__WHAT YOU NEED TO DO__:
With all images omitted, write out the records word for word.

•••••

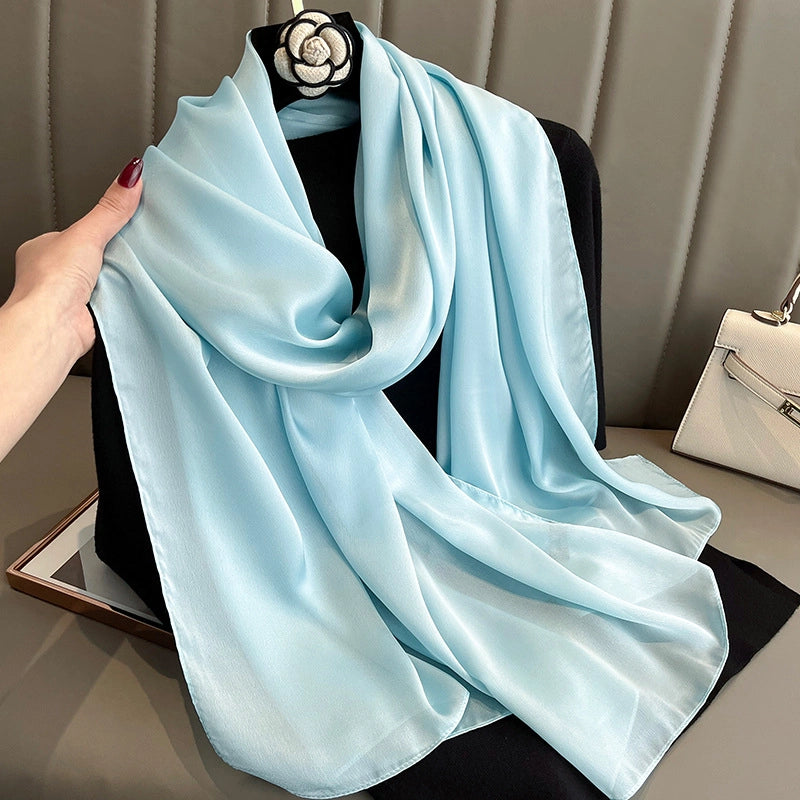 Women's Minimalist Classic Style Solid Color Imitated Silk Silk Scarf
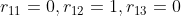 r_{11}=0,r_{12}=1,r_{13}=0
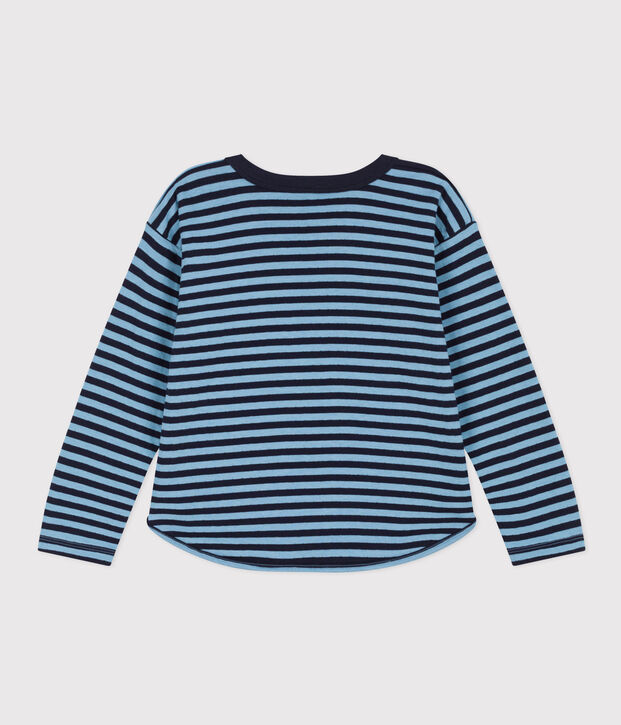 Camiseta de manga larga de tejido t&uacute;bico de ni&ntilde;o azul/azul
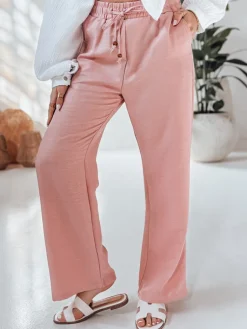 Spodnie Damskie>Dstreet Spodnie damskie materiałowe wide leg LINESSA różowe UY2645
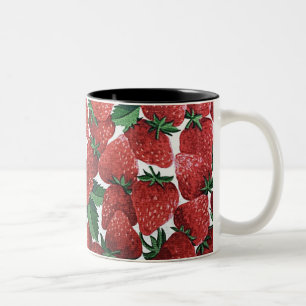 Aardbeien en room tweekleurige koffiemok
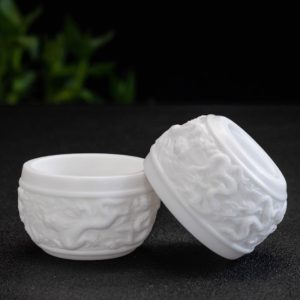 Handmade Embossed Flying Dragon White Jade Porcelain Kung Fu Tea Cup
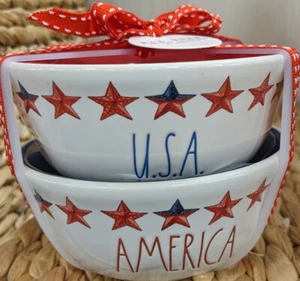 Rae Dunn Patriotic Stars 4th of July USA AMERICA set 4.75"W x 2.75"H bowls  New  - Picture 1 of 5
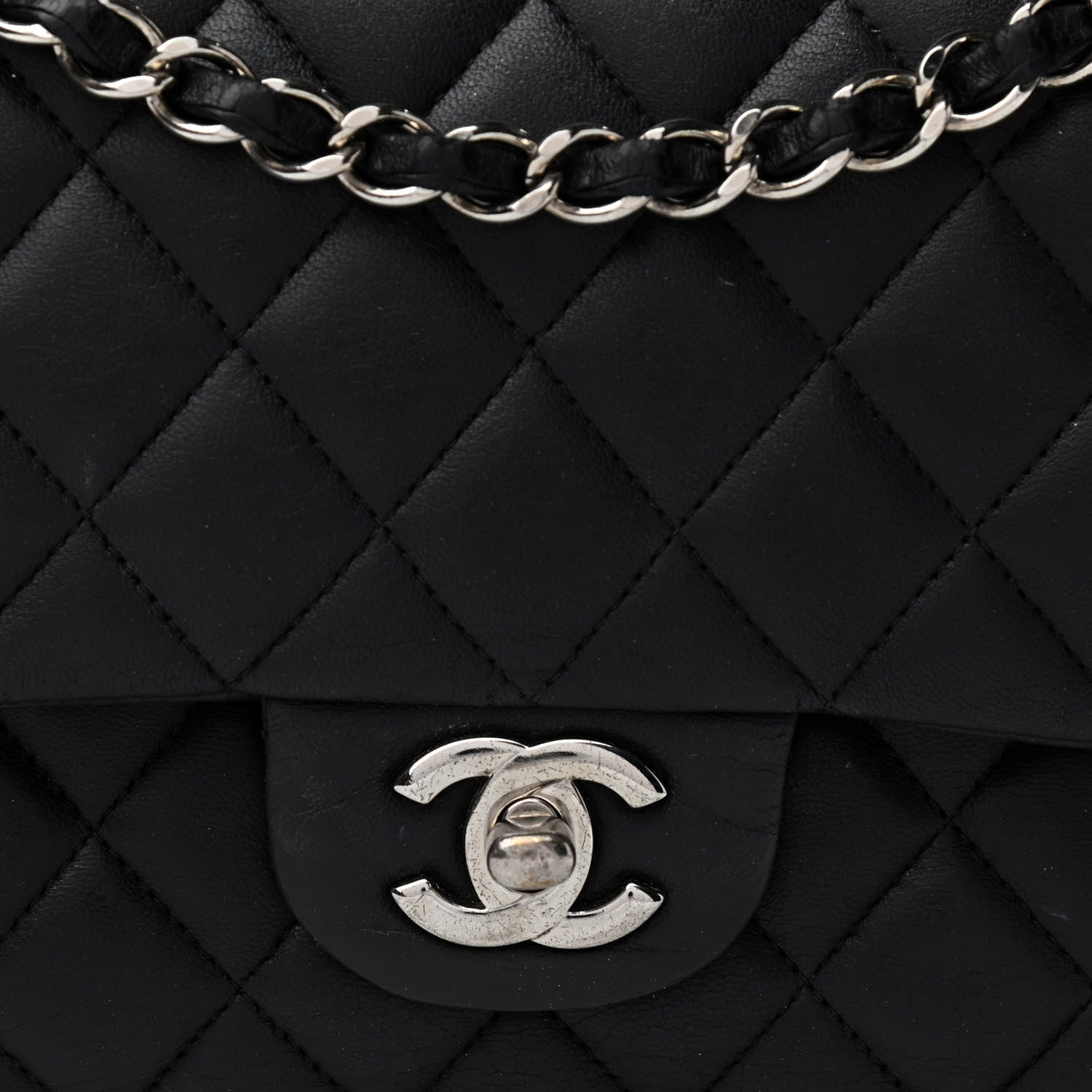 Chanel Lambskin Quilted Medium Double Flap Black 9 of 11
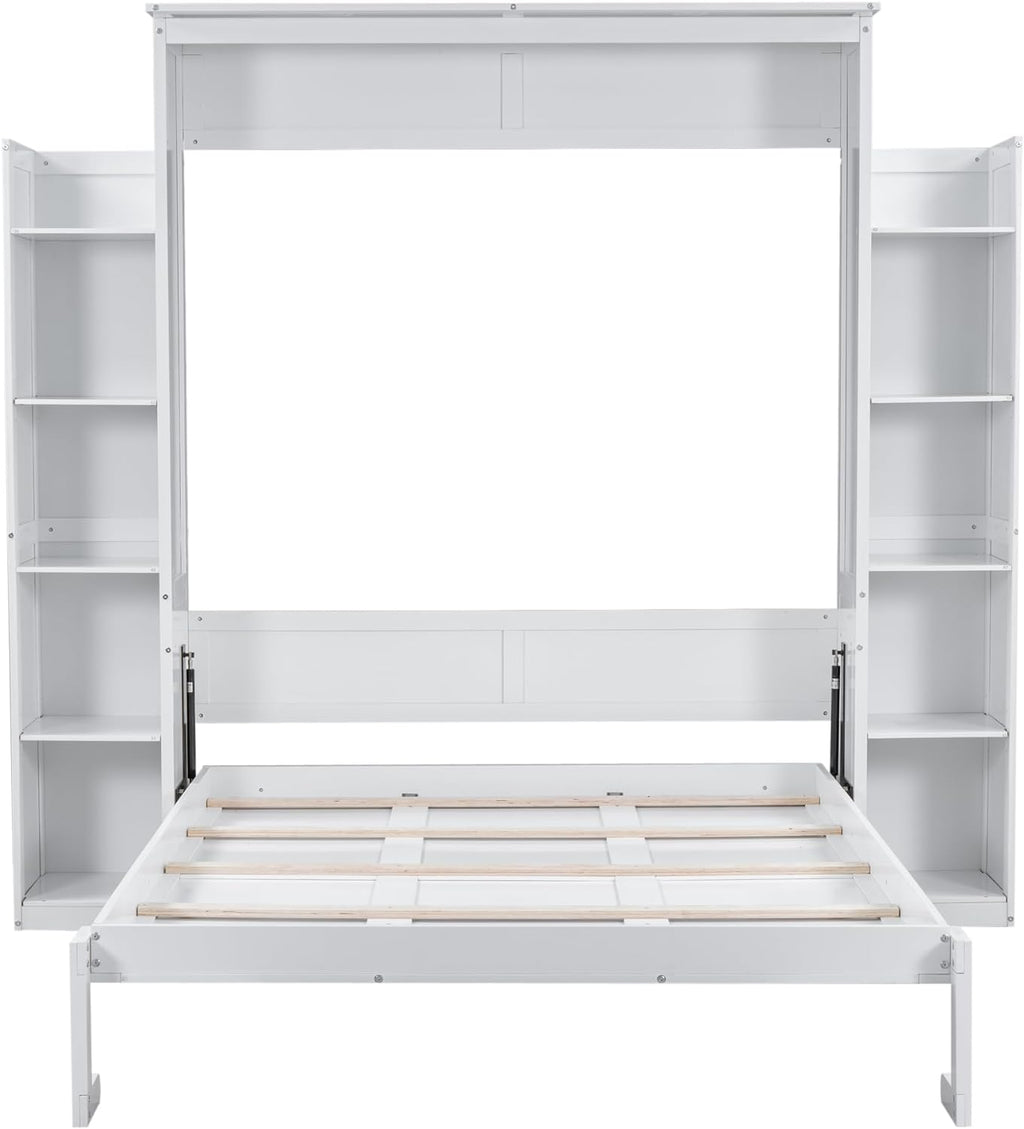 White Queen Size Wooden Murphy Bed with Shelves and LED Lights Z360166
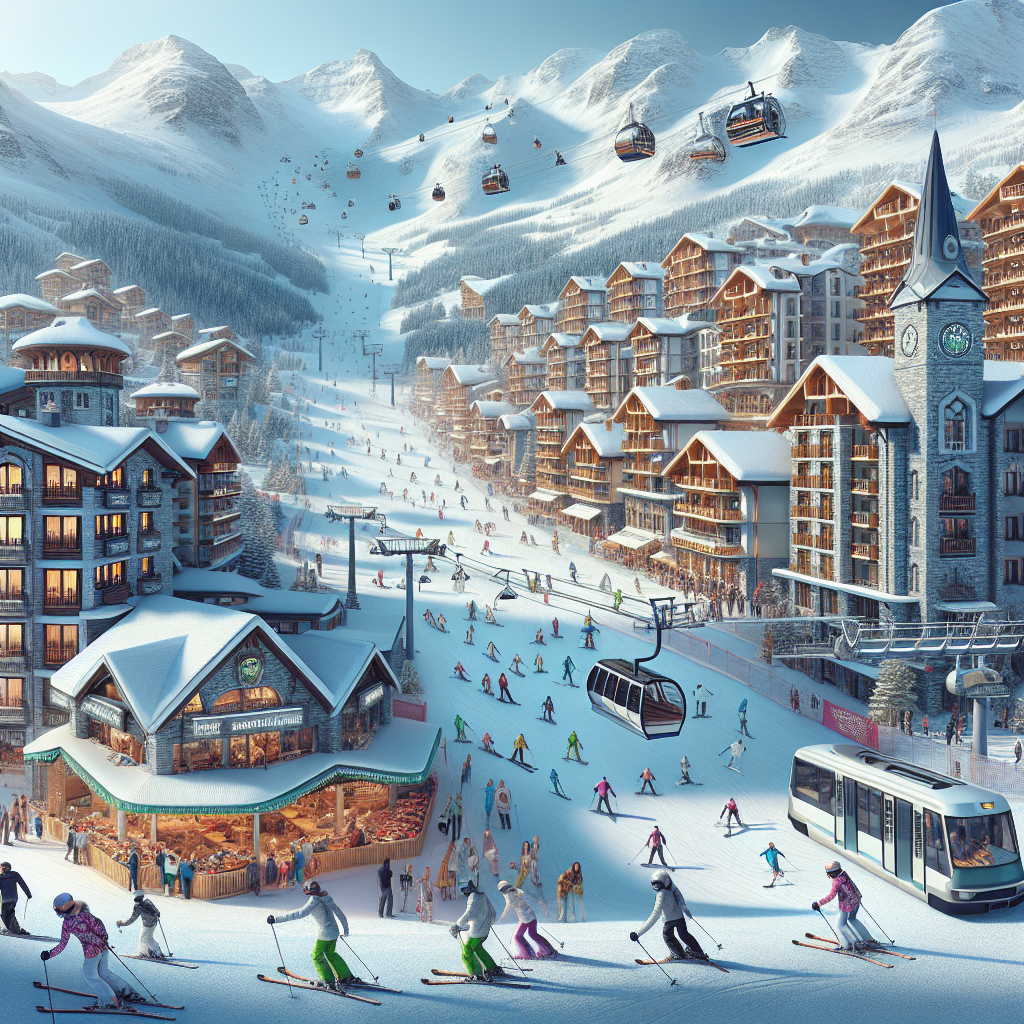 Skiers enjoying the snowy slopes of Bansko, Bulgaria amidst picturesque mountain scenery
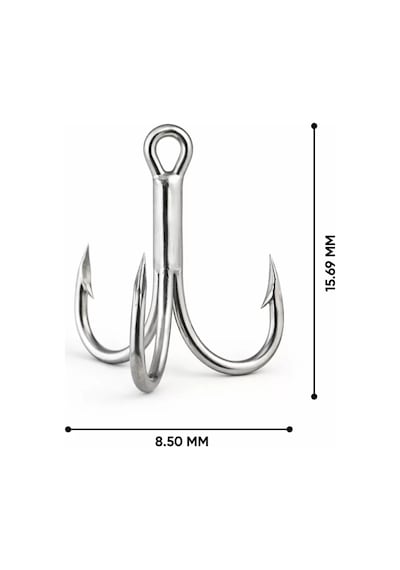 Üçlü İğne - Nikel Üçlü Kanca - Fishack 3210 - 10 Adet - No 10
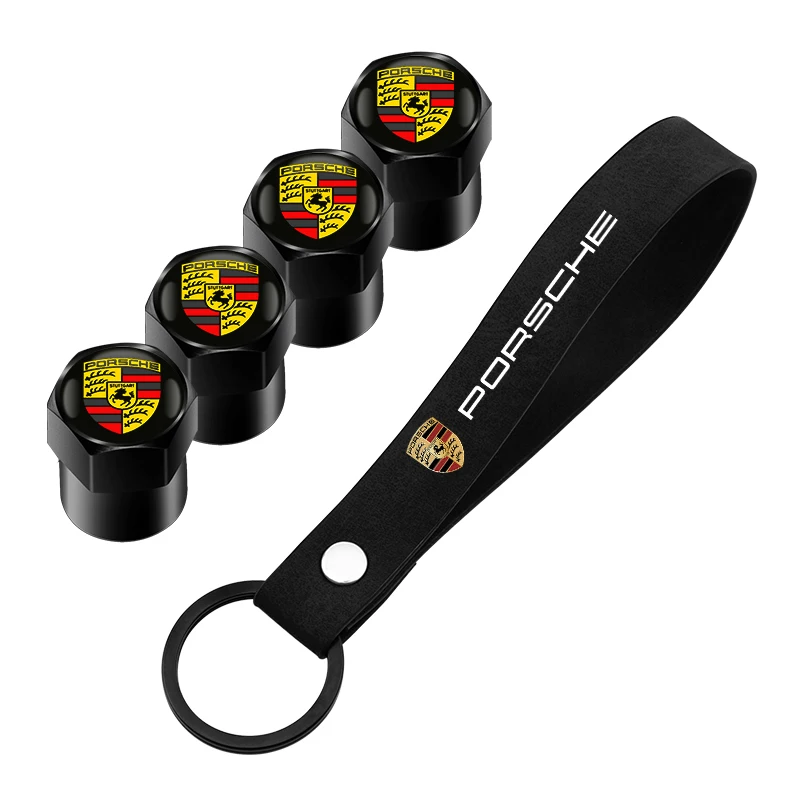 For Porsche Boxster Cayman Cayenne 911 Macan Panamera Aluminium Car Logo Tire Valve Stems Cap Keychain Accessories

•••••

__EXPECTED ANSWER__:
 Women's Minimalist Classic Style Solid Color Imitated Silk Silk Scarf
 r_{11}=0,r_{12}=1,r_{13}=0
 Camiseta de manga larga de tejido t&uacute;bico de ni&ntilde;o azul/azul
 Spodnie Damskie>Dstreet Spodnie damskie materiałowe wide leg LINESSA różowe UY2645
 Aardbeien en room tweekleurige koffiemok
 Handmade Embossed Flying Dragon White Jade Porcelain Kung Fu Tea Cup
 Rae Dunn Patriotic Stars 4th of July USA AMERICA set 4.75"W x 2.75"H bowls  New  - Picture 1 of 5
 Chanel Lambskin Quilted Medium Double Flap Black 9 of 11
 White Queen Size Wooden Murphy Bed with Shelves and LED Lights Z360166
 Skiers enjoying the snowy slopes of Bansko, Bulgaria amidst picturesque mountain scenery
 Üçlü İğne - Nikel Üçlü Kanca - Fishack 3210 - 10 Adet - No 10
 For Porsche Boxster Cayman Cayenne 911 Macan Panamera Aluminium Car Logo Tire Valve Stems Cap Keychain Accessories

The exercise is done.